Frager: Welche Rolle spielt die Religion wirklich in diesem Konflikt? Auf der ersten Ebene ist das ein Konflikt von Muslimen gegen Juden, aber wie immer ist es nicht so einfach. Geht es nicht mehr um die sozialen und ethnischen Spannungen als um die religiöse Überzeugung?
Steckelbach: Ich glaube, dieser Konflikt hat erst mal sehr viele Dimensionen. Natürlich spielt Religion eine große Rolle. Zum Beispiel ist auch der Zionismus erst mal eine säkulare Bewegung, die aber auf Verheißungen aus dem Alten Testament fußt. Auf der anderen Seite die Hamas, die natürlich mit radikalem Islamismus und auch Antisemitismus agiert. Es gibt auch Siedlerbewegungen im Westjordanland, die häufig mit radikal-nationalreligiösem jüdischem Gedankengut agieren.

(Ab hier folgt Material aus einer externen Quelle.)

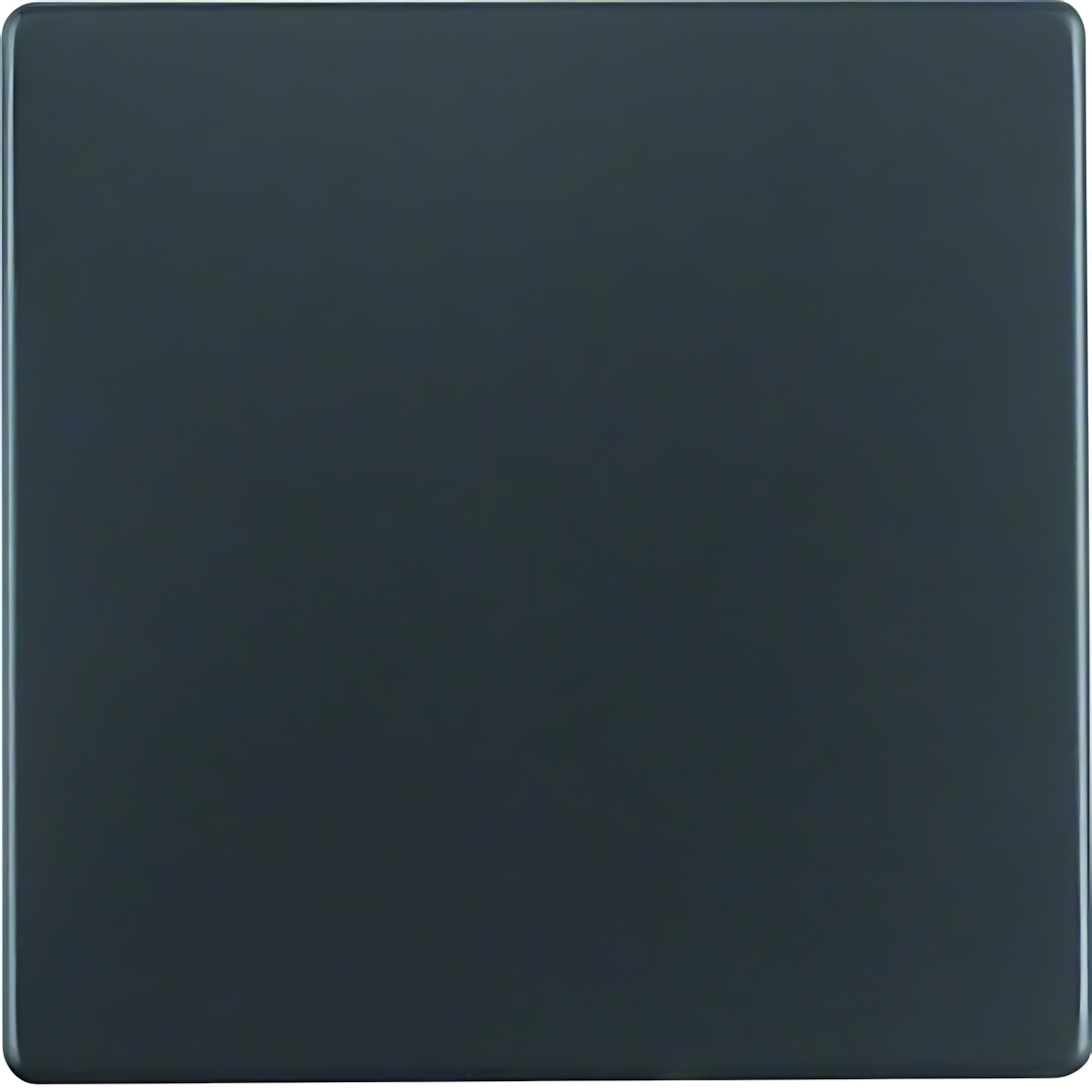 Berker Wippe 16206086 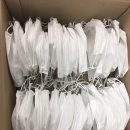 국가대표 경희대 빛 태권도 이미지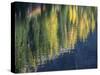 Washington State, North Cascades, Blue Lake, Larch tree reflections-Jamie & Judy Wild-Stretched Canvas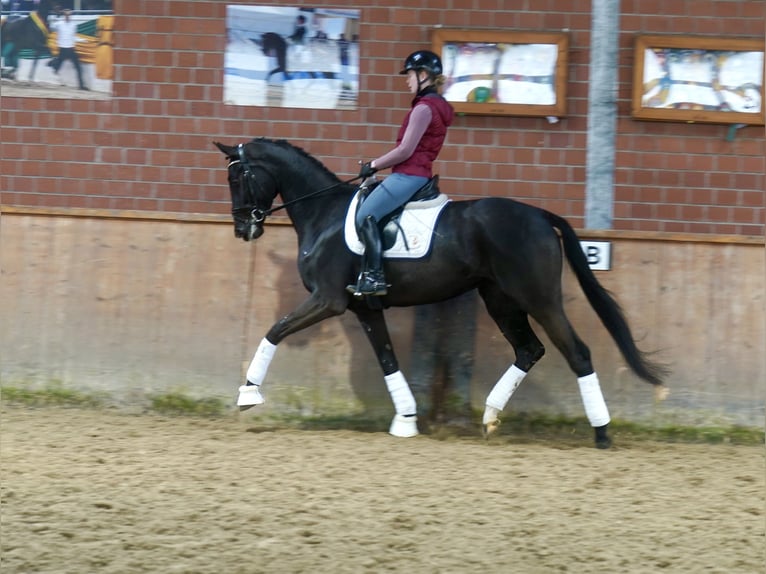 German Riding Horse Mare 4 years 16,2 hh Black in Paderborn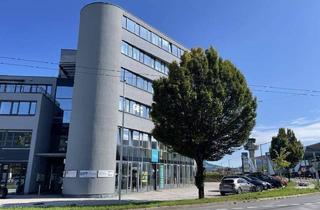 Büro zu mieten in Himmelreich, 5020 Salzburg, STAU-FREI erreichbare Showroom-, Verkaufs- und Büroflächen mit bester Sichtbarkeit - Himmelreich.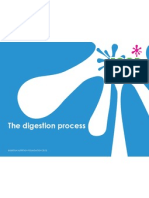 The Digestion Process Foundation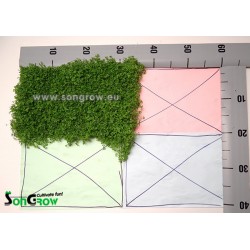 Green Carpet Micranthenum monte carlo prato istantaneo pronto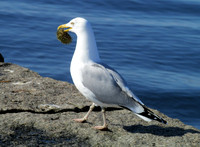 Seagulls #SLB-008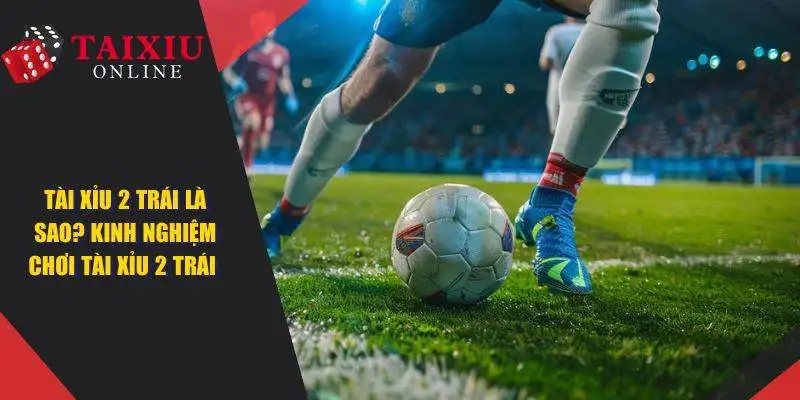 tai xiu 2 trai la sao 1398 Tài Xỉu 2 Trái Là Sao? Bỏ Túi Mẹo Chơi Luôn Chiến Thắng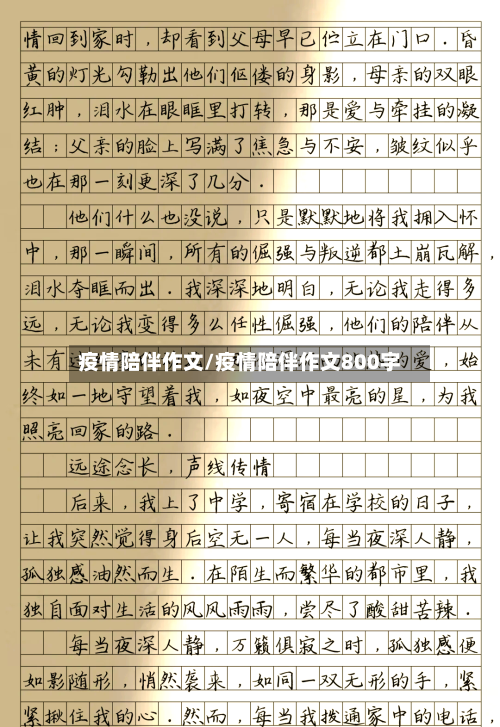 疫情陪伴作文/疫情陪伴作文800字-第2张图片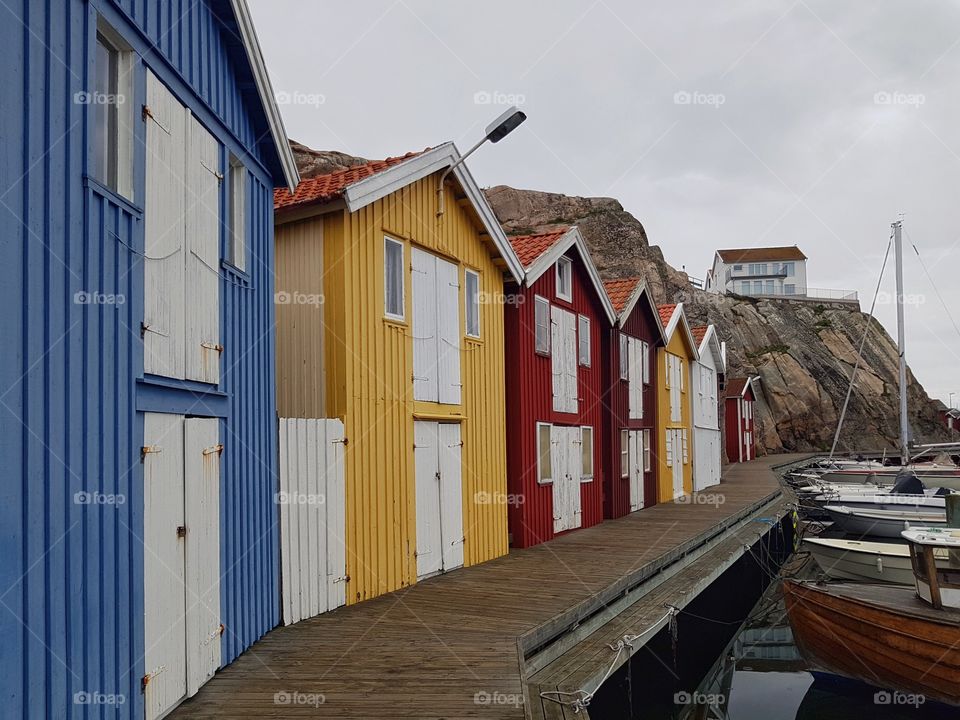 Colorful houses in the port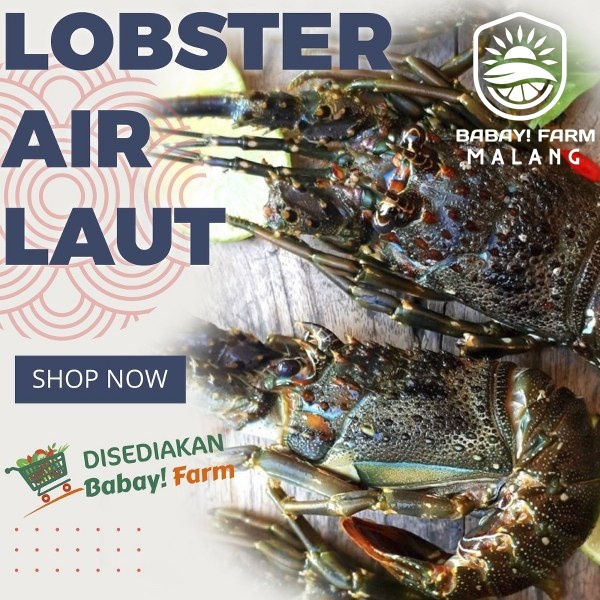 

Lobster Air Laut Pasir 500 gr 1 kg Cangkang Utuh / Kupas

Religion ist also auf beiden Seiten als Faktor zu finden, ohne das vergleichen oder aufwiegen zu wollen. Ich würde aber sagen, dass der Israel-Palästina-Konflikt in erster Linie ein politischer ist. Ich würde sagen, hier geht es um Land. Das Westjordanland und Ostjerusalem sind laut Völkerrecht und auch offizieller Haltung der Bundesrepublik besetzt. Und daran entzündet sich ja der Konflikt immer wieder.
Übrigens sind auch palästinensische Gruppen, die eine große Rolle spielen, wie zum Beispiel Mahmud Abbas Fatah in ihren Grundsätzen säkular – Mahmud Abbas ist der Präsident der Palästinensischen Autonomiebehörde. Natürlich wird Religion immer wieder genutzt, besonders wenn wir uns das Beispiel von Ostjerusalem anschauen. Die Hamas hat sich in der Vergangenheit immer wieder als Verteidiger des al-Haram-asch-Scharif, also des al-Aqsa Komplexes oder des Tempelbergs präsentiert. Daran haben sich ja auch schon militärische Konflikte wie zum Beispiel die Eskalation von 2021 entzündet.
Es geht hier aber – und das ist, glaube ich, sehr wichtig zu betonen – nicht nur um Islam und Judentum. Die Hamas hat sich auch in der Vergangenheit als Vertreter der Christen präsentiert, zum Beispiel als dieses Jahr an Ostern nur eine bestimmte Menge an Pilgern in die Grabeskirche in Ostjerusalem gelassen wurden. Die Hamas hat das verurteilt und sagt, sie setze sich für die Verteidigung von muslimischen und christlichen Orten ein.
Frage: Welche Rolle spielen die Christen selber bei diesem Konflikt?
Steckelbach: Es gibt sowohl im Westjordanland als auch in Gaza immer auch Christen. Palästinenser sind eben nicht nur per se Muslime. Wir haben weniger als 50.000 Christen in den palästinensischen Gebieten und ungefähr 1.500, vielleicht ein bisschen weniger in Gaza. Trotzdem kann man das nicht pauschalisieren und sagen: Palästinenser sind unbedingt nur Muslime.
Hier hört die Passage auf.